Calculator
Choose a method, enter values, then compute λ.
Example data table
Use this example to sanity-check expected scales.
| Scenario | Method | Inputs | Computed λ | Risk over one unit |
|---|---|---|---|---|
| Community outbreak | β · I / N | β=0.30, I=25, N=1000 | 0.00750000 | 0.00747293 |
| High-density contact | β · I | β=0.00040, I=25 | 0.01000000 | 0.00995017 |
| Incidence density | cases/(S·Δt) | cases=12, S=850, Δt=1 | 0.01411765 | 0.01401846 |
| Cumulative risk | -ln(1-p)/T | p=0.10, T=1 | 0.10536052 | 0.10000000 |
Formulas used
- Frequency-dependent transmission: λ = β · I / N
- Density-dependent transmission: λ = β · I
- Incidence-based hazard approximation: λ ≈ cases / (S · Δt)
- From cumulative risk: p = 1 − exp(−λT) ⇒ λ = −ln(1−p) / T
- Risk over one unit: Risk(1) = 1 − exp(−λ)
Interpretation: λ is the instantaneous infection pressure experienced by a susceptible individual under the chosen assumptions.
How to use this calculator
- Select the estimation method that fits your study design.
- Enter the required inputs for that method.
- Click Compute Force of Infection to see results.
- Review λ, risk, and survival for one time unit.
- Use CSV/PDF buttons to export the results table.
FAQs
1) What does “force of infection” mean?
It is the instantaneous per-susceptible rate of becoming infected. In many models, it acts like a hazard and links contact patterns to infection risk over time.
2) Which method should I choose?
Use β·I/N for frequency-dependent contact, often used in human mixing. Use β·I for density-dependent settings. Use incidence-based when you trust observed cases and susceptible time at risk.
3) What unit is λ reported in?
λ inherits your time unit. If Δt is in days, λ is per day. For the cumulative method, λ is per T unit. Keep your inputs consistent for interpretable outputs.
4) How is risk computed from λ?
Assuming λ is constant over the interval, risk over one unit is 1 − exp(−λ).
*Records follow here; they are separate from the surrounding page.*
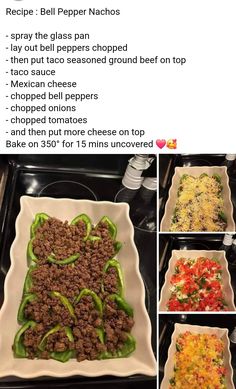 the steps to make an enchilada casserole with beef and peppers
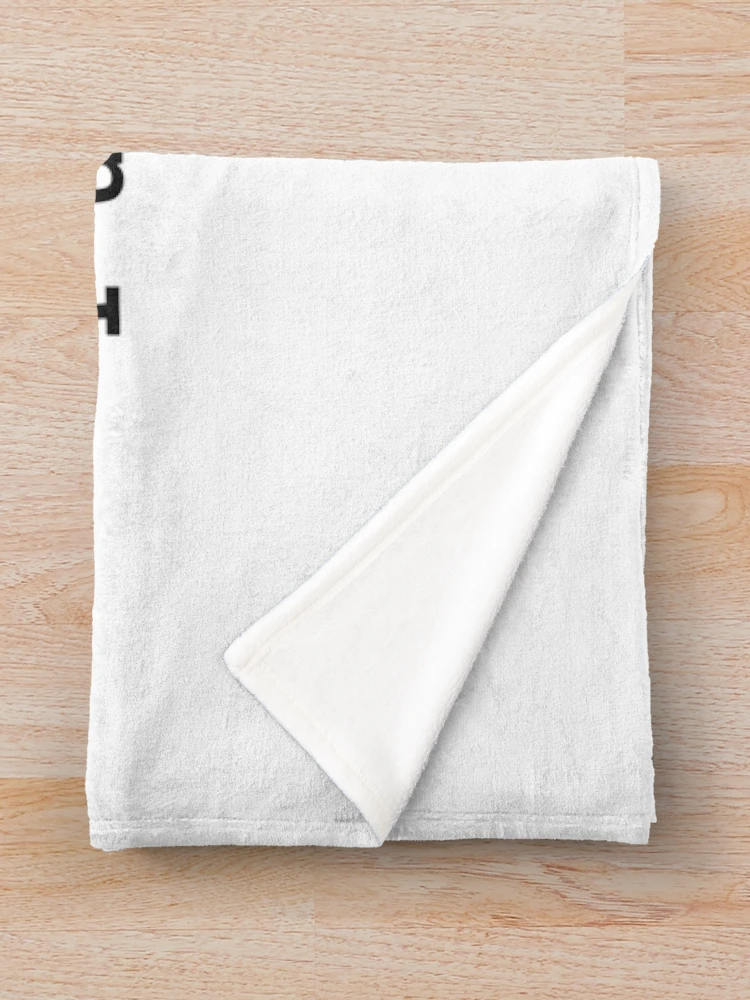 Thumbnail 3 of 6, Throw Blanket, JavaScript Promises I Actually Await Funny Coder Typography designed and sold by ThreadQuirk.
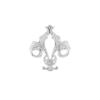 Korean Small Cross Brooches for Women and Men Shirt Suit Collar Pins Fashion Crown Badge Accessories High Quality Jewelry Gifts
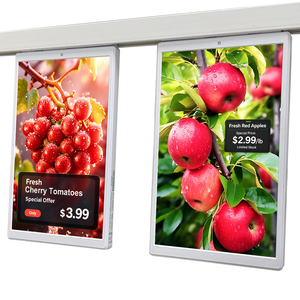 ป้ายราคาดิจิทัลแบบแขวนสองด้านขนาด 10.1 นิ้ว ระบบคลาวด์แมนเนจเมนท์ จอ LCD สีเต็มรูปแบบ 10.1 นิ้ว เครื่องเล่นโฆษณาอิเล็กทรอนิกส์ ป้ายชั้นวางสินค้าอิเล็กทรอนิกส์ ESL - Product Image 1
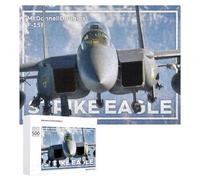 500 PCS Rompecabezas para Adultos F15C Strike Eagle Rompecabezas para Adultos Juguete Decoración De Pared Mejorar La Memoria Regalos para Amigos Y Familiares 500 PCS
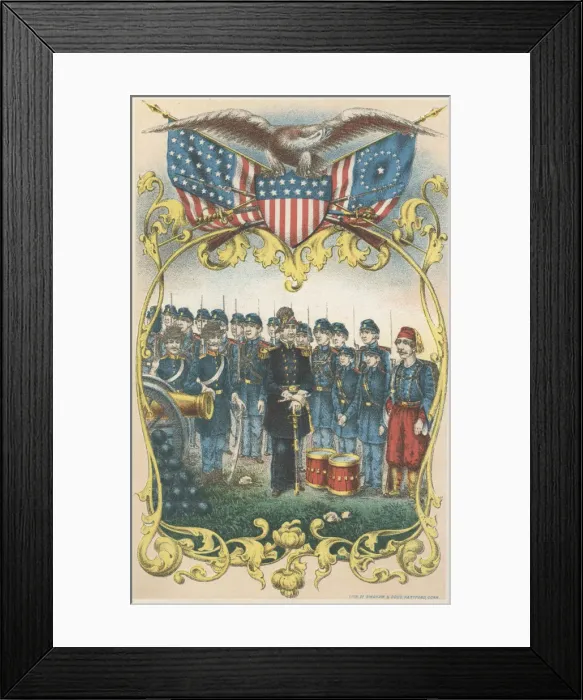 Framed Print : Union Soldiers Framed Print : Union Soldiers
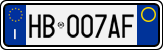 License plate of Italy, Cars (1994 year series)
This is the standard hazard-to-risk conversion used in survival and epidemic models.
5) Can λ change over time?
Yes. Real epidemics have time-varying λ driven by behavior, immunity, seasonality, and interventions. This tool estimates a single interval value; repeat calculations across intervals to study changes.
6) What are common pitfalls?
Mixing time units, using inconsistent population definitions, and double-counting cases are common issues. Also ensure I and N reflect the same population and time window as β.
7) How should I interpret λ versus incidence?
Incidence counts events in a period; λ is a rate per susceptible at an instant. When hazards are roughly constant, incidence density approximates λ, especially for short intervals.
8) Does the uncertainty option give an exact confidence interval?
No. It uses a simple normal approximation for incidence-based inputs. For formal inference, use exact Poisson or likelihood-based methods with clear assumptions and report your modeling choices.